» About this exercise
Going through the material below, output exactly the lines from the one containing "Heap of raw, unprocessed" through the one containing "Mano femmina trattiene", and no pictures.

» Data extracts
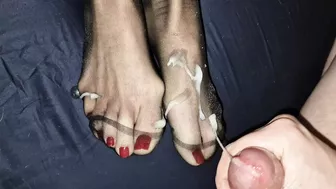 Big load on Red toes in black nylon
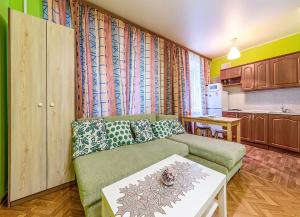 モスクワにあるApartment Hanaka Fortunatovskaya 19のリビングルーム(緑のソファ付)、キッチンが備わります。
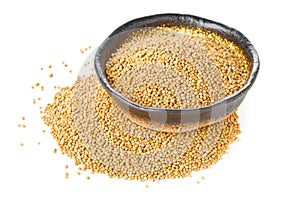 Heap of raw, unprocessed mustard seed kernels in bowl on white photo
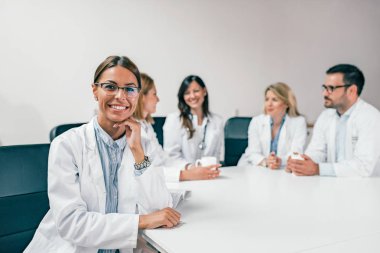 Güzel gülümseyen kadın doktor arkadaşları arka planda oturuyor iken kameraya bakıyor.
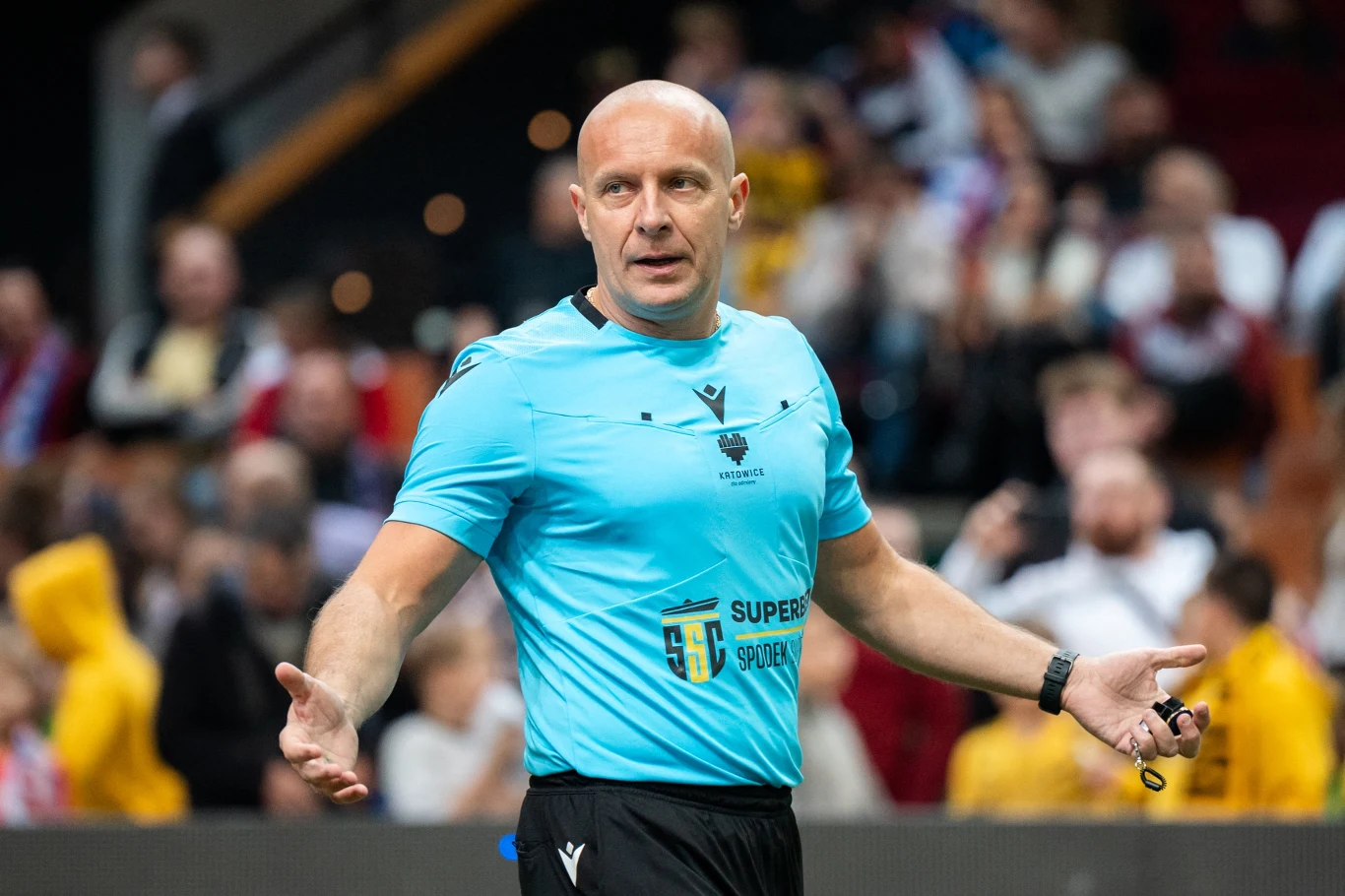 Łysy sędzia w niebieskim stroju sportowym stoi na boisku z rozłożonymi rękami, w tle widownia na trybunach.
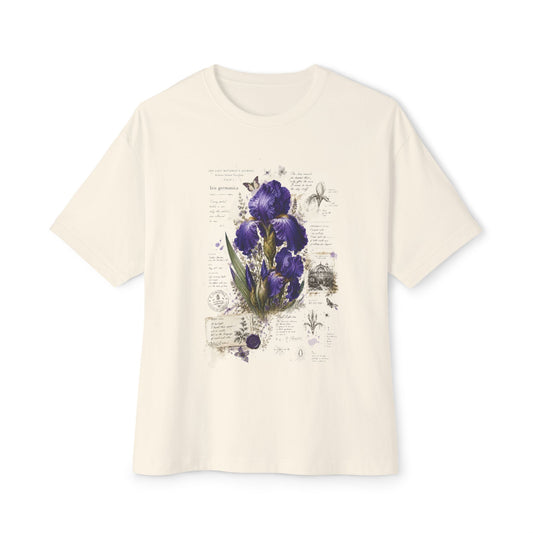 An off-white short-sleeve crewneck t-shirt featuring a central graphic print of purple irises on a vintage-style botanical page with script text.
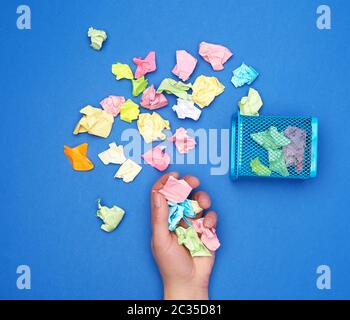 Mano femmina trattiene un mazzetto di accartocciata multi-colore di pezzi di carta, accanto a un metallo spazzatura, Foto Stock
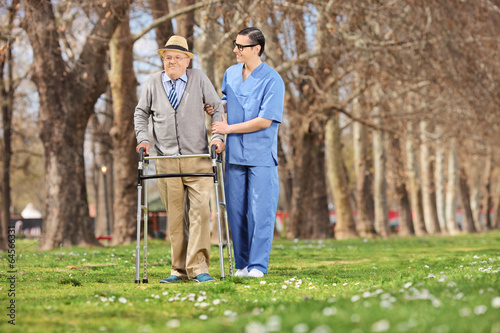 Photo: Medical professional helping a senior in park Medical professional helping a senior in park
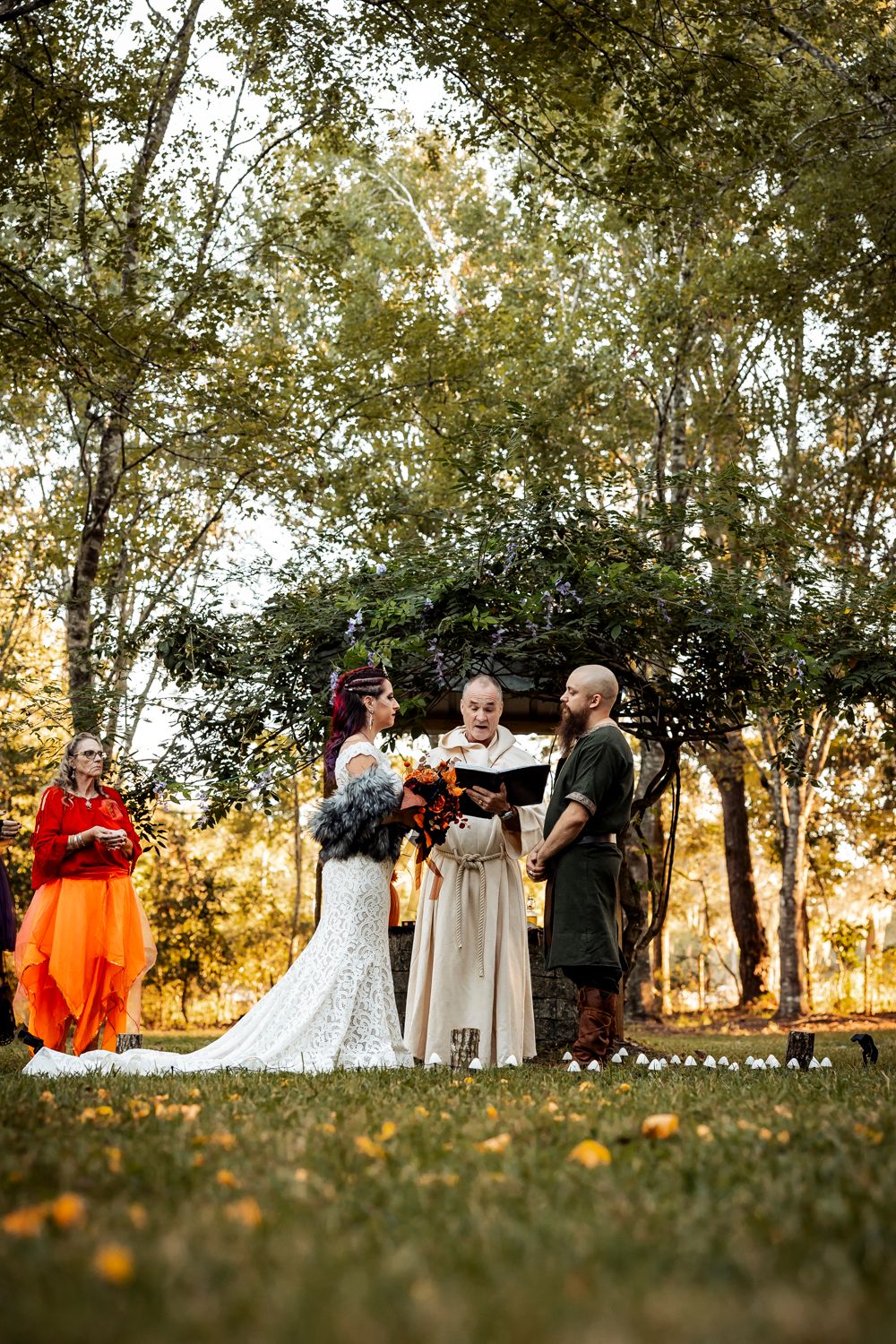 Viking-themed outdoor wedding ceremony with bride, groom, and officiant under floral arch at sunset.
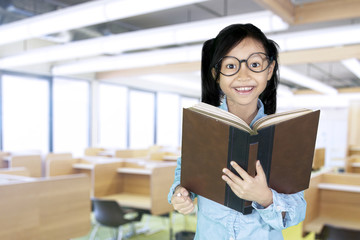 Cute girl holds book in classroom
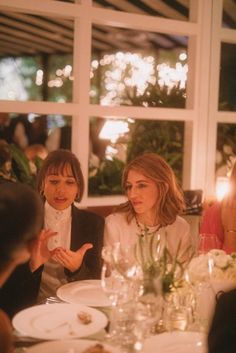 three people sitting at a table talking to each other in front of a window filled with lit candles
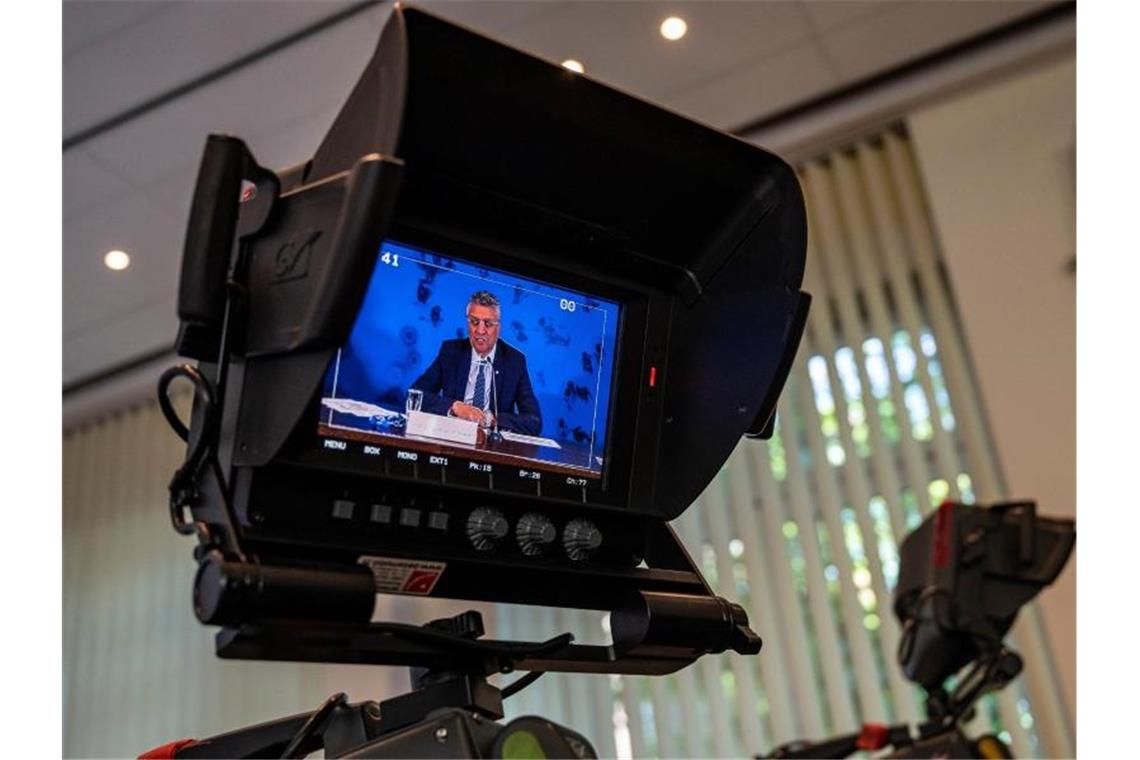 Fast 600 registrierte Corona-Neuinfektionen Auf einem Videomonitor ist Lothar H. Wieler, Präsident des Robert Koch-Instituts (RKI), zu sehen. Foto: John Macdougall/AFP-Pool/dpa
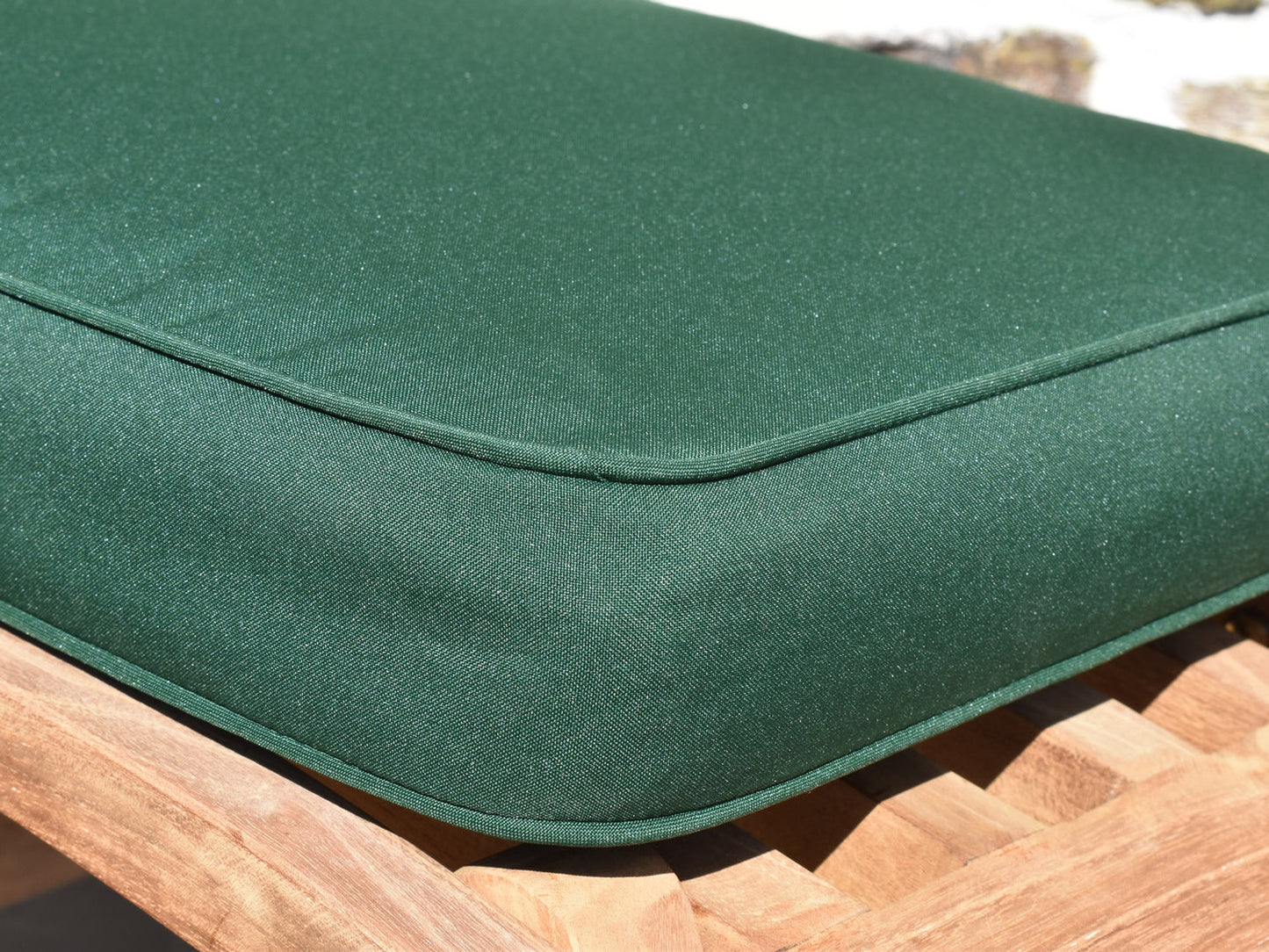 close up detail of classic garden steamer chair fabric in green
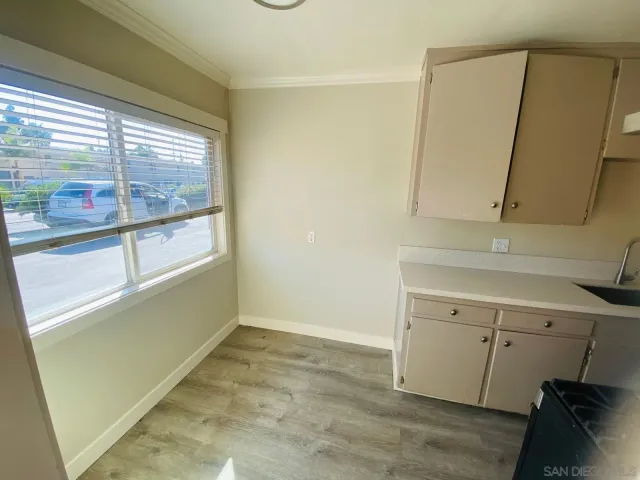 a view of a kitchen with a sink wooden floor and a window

» Task response
 Heap of raw, unprocessed mustard seed kernels in bowl on white photo
 Güzel gülümseyen kadın doktor arkadaşları arka planda oturuyor iken kameraya bakıyor.
 Łysy sędzia w niebieskim stroju sportowym stoi na boisku z rozłożonymi rękami, w tle widownia na trybunach.
 An off-white short-sleeve crewneck t-shirt featuring a central graphic print of purple irises on a vintage-style botanical page with script text.
 Mano femmina trattiene un mazzetto di accartocciata multi-colore di pezzi di carta, accanto a un metallo spazzatura, Foto Stock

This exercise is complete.